> **EXERCISE DIRECTIONS**
From the listing below, copy only the lines from the line that contains "GA license plate PWN2663" to the line that contains "Parks, a report photo", counting those two lines as part of the copy.

> **SOURCE DATA**
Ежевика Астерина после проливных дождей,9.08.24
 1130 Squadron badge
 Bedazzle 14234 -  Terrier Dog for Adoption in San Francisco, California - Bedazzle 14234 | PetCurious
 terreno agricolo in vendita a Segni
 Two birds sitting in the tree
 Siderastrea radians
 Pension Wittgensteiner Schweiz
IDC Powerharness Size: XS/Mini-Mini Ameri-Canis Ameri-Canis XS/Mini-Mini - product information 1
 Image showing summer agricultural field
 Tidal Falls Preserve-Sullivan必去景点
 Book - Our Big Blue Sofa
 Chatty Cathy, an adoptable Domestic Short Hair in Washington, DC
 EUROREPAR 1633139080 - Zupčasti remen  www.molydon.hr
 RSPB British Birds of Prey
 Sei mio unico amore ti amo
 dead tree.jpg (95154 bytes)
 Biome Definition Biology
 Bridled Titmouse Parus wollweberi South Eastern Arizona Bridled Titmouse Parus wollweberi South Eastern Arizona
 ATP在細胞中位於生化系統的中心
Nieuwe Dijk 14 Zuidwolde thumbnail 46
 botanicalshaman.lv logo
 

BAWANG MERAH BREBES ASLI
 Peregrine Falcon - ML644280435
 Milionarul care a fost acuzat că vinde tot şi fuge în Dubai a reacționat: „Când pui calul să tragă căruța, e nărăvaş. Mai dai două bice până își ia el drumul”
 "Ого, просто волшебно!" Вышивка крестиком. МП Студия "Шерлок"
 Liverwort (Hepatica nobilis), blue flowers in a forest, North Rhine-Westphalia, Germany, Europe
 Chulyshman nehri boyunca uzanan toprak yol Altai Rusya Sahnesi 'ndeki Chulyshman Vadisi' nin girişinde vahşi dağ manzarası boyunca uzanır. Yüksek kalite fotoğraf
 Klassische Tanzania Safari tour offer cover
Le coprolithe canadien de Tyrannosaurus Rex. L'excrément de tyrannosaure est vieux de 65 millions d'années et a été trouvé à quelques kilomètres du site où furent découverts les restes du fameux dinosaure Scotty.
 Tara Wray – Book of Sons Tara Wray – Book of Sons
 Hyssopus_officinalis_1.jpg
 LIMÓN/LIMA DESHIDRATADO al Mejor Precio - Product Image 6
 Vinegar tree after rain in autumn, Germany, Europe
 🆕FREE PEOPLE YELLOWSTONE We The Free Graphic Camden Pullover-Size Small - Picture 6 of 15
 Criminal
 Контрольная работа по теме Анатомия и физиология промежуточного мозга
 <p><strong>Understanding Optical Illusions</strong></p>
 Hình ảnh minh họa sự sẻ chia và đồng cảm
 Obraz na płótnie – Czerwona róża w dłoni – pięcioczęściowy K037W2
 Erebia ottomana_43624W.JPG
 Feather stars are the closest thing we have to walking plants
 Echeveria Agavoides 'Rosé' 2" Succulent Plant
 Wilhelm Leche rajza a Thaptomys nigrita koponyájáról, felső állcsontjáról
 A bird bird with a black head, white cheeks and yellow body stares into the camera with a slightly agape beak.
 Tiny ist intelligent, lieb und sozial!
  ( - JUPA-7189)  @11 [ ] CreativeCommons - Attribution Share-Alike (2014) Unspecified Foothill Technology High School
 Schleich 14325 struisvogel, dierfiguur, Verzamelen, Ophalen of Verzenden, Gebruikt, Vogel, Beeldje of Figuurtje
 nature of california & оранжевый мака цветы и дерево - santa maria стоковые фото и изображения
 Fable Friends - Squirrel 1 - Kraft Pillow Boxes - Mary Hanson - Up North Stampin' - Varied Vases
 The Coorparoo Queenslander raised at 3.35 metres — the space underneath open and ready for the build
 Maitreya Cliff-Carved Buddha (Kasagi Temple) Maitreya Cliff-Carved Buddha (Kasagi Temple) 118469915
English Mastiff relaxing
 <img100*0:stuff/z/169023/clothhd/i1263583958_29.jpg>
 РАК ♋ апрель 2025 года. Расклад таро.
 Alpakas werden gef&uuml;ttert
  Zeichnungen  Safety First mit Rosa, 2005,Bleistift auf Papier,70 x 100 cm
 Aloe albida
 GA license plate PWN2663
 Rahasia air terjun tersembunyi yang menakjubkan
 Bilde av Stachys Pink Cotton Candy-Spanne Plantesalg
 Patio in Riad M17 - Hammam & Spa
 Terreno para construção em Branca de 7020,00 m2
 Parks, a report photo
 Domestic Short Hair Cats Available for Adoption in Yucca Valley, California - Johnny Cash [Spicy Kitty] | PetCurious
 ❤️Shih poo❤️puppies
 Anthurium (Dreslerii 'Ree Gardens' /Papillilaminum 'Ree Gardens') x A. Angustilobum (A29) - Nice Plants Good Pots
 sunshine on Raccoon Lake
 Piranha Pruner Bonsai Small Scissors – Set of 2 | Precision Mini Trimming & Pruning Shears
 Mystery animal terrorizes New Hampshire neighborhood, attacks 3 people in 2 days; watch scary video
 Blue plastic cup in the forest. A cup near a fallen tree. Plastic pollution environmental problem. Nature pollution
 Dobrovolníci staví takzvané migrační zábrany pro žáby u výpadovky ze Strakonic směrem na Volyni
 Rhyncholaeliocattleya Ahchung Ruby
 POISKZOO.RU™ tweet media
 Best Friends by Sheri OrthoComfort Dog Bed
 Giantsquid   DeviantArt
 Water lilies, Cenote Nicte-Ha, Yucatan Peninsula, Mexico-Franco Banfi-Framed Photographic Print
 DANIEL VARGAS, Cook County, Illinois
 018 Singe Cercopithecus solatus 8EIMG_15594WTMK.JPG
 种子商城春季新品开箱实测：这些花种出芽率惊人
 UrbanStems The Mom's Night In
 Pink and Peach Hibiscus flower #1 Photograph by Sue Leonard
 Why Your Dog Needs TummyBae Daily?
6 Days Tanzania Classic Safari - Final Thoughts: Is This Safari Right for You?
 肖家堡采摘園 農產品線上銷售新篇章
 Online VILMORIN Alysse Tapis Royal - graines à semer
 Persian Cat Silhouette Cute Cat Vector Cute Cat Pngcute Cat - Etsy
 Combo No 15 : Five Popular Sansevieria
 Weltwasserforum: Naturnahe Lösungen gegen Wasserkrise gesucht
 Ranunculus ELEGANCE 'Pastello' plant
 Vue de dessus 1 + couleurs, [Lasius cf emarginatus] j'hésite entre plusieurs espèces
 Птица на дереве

> **COMPLETED EXERCISE**
 GA license plate PWN2663
 Rahasia air terjun tersembunyi yang menakjubkan
 Bilde av Stachys Pink Cotton Candy-Spanne Plantesalg
 Patio in Riad M17 - Hammam & Spa
 Terreno para construção em Branca de 7020,00 m2
 Parks, a report photo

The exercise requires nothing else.